Even in her misery, Moira giggled. “Do you know what that sounds like?”
A grin tugged at his mouth. “Yeah, someone who knows I’m married might wonder.” The smile faded and he repeated, “What, Moira?”
She had to tell him eventually. Now was as good a time as ever.
“I’m pregnant.”
He jerked. “Pregnant?”
“Jeez, tell the whole town, why don’t you,” she said indignantly.
He looked around. “There’s nobody close enough to hear.” He paused. “Is it a secret?”
“No.” Damn it, she felt watery again. “I guess it’ll be obvious anytime.”
“How far along?”
“Um…three months.”
He frowned. “You’ve lost weight instead of gaining, haven’t you?”
“Didn’t Charlotte?”
“You’re sick, too?”
Moira nodded. “Well, not sick. Just…icky feeling. I don’t dare do more than nibble at any one time.”
He was staring at her. “Pregnant,” he repeated. His expression hardened. “Who’s the father?”
She gazed steadily back. “No one who is in the picture.”
“It was that son of a bitch Girard wasn’t it?”
Moira gave a choked laugh. “He is a son of a bitch, but no. It’s not him, Gray.”
“Then who?” This man, her best friend, sounded implacable, as if he intended to beat the crap out of the man who’d impregnated and abandoned her.
She swallowed, the backs of her eyelids burning again. “It really doesn’t matter. He…used a condom. It’s just one of those things. Not his fault. And we didn’t have the kind of relationship that means I’m going to stick him with this.”
The waitress appeared with their lunches, and Moira sat silent, head bowed, while Gray said the right things. The minute the waitress was gone, he said, “You’re having the baby.” It wasn’t really a question.
“I’d have done something about it long ago if I wasn’t.”
He gave a one-sided shrug, as if to say, Oh, yeah. “Why did you dread telling me? You’re not planning to move home?”
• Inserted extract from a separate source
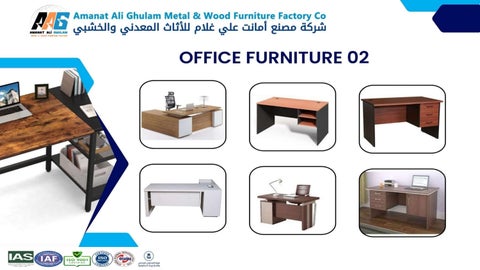 AAG 办公 家具 第 6 页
“Home?” She wished she could laugh. “Missoula? Are you kidding? I love my mother, but…no. I’m not going anywhere. It’s just that…”
Neither of them had reached for a spoon or fork.
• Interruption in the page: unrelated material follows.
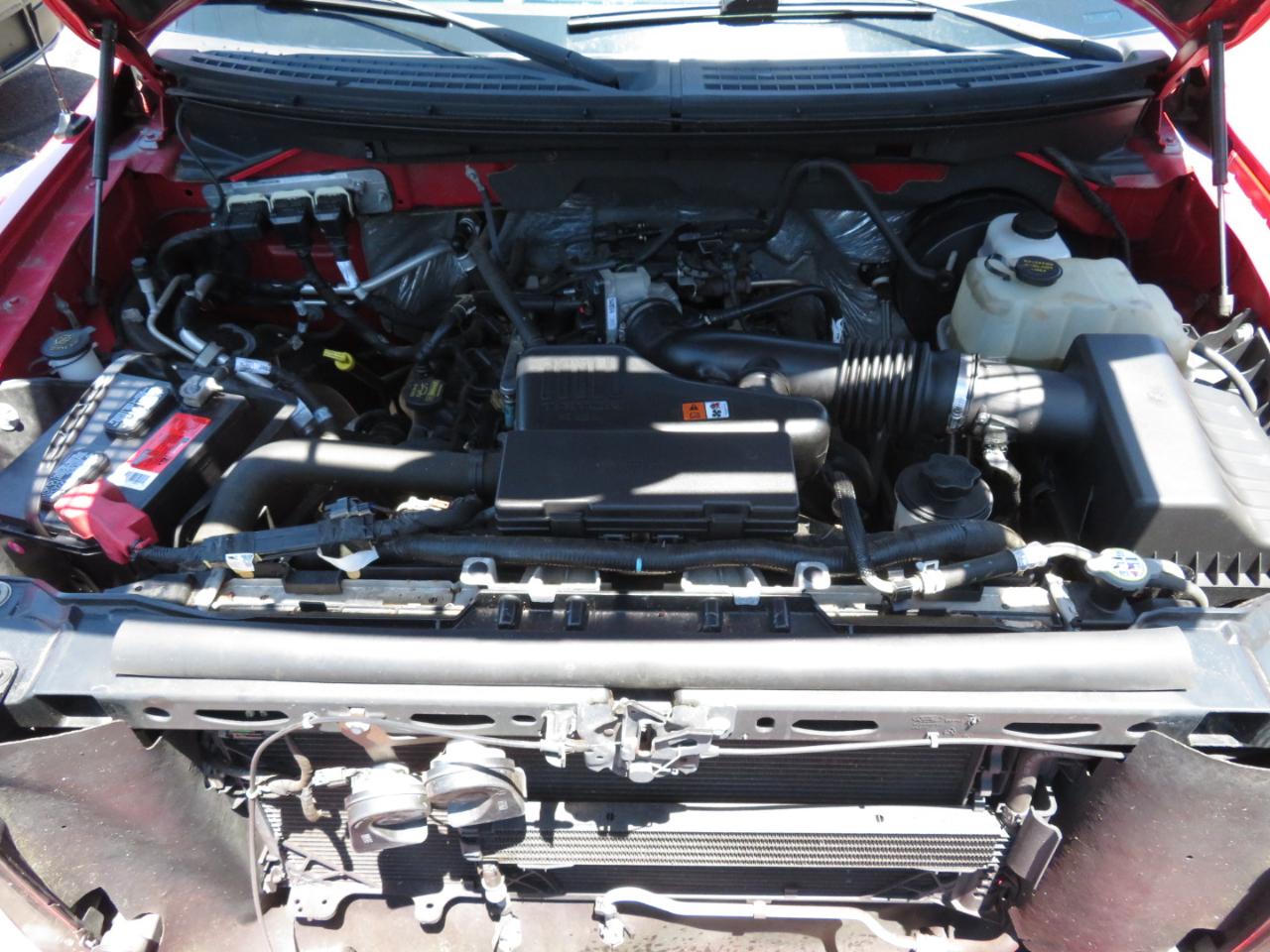 Ford F-150 XLT 2WD 2009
“You’re trying to tell me I’m going to have to start carrying my fair share of the work, aren’t you?”
“Probably more than your fair share,” she said in a rush.
“Gray, I’m sorry. We had a deal, and now I’ve blown it.”
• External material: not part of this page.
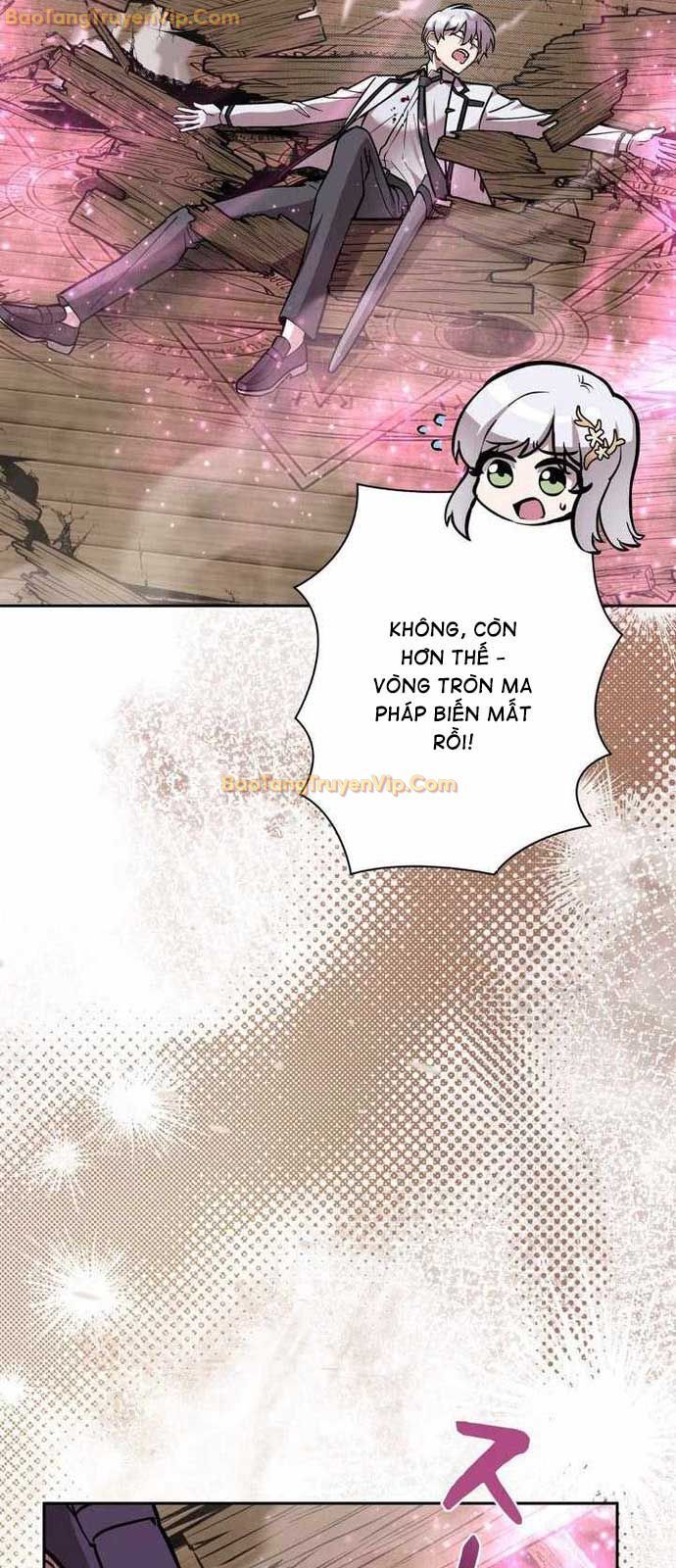 Các Nữ Anh Hùng Muốn Giết Tôi, Một Anh Hùng Chap 29 - Next Chap 28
Suddenly he was smiling, so tenderly the tears she’d kept at bay filled her eyes. “Moira, falling in love and having babies are way more important than who does what share
of work. You gave me my chance, I had fun. But I won’t run for reelection. I can’t even say I mind that much. It’s been a lot tougher than I envisioned, trying to hold down both jobs. I didn’t mind so much before Charlotte, but things are different now.” He picked up a napkin and dabbed at her cheeks. “It’s past time I take up the slack at work. It’s you I’m worried about.”
On the verge of major blubbering, she gulped and leaped to her feet. “I’m sorry, I—” She hurried to the bathroom, a small, unisex one where she could lock the door and sob without embarrassment.
It didn’t take her long; heaven knows, she’d cried enough lately, and should have had it all out of her system. Even though she splashed cold water on her face, she was blotchy when she returned to the table.
Gray gave her a comprehensive look, but all he said was, “Eat. Your soup’s getting cold.”
She sniffed and picked up her spoon.
“Do you mind if I tell Charlotte?”
“Of course not. I’ll be showing before I know it anyway.”
He nodded, and they ate in silence for a few minutes. Moira was hungrier than usual, she was surprised to discover. Maybe something had loosened inside her, now that she’d told Gray.
As though his mind was following a similar path, he asked, “Does your mother know?”
Moira groaned. “No.”
His mouth quirked. “Unless she’s planning a visit, you have six months to work yourself up to it.”
“She’ll be supportive.”
“Then…?”
“This isn’t the way I ever imagined starting a family,” she heard herself telling him. “I hated not having a father. It seemed like everyone else did. I always swore—” Her throat closed up.
Once again, his hand enveloped hers. “You know I’ll be there for you as much as I can.”
“Yeah.” She felt her smile wobble. “I do know. Thank you, Gray. But we’ll be fine.” Unconsciously, she laid a hand on her belly. “Mom and I were fine. It’s not as if I grew up unloved.”
He was quiet for a moment, his gaze perceptive. “Your baby does have a father.”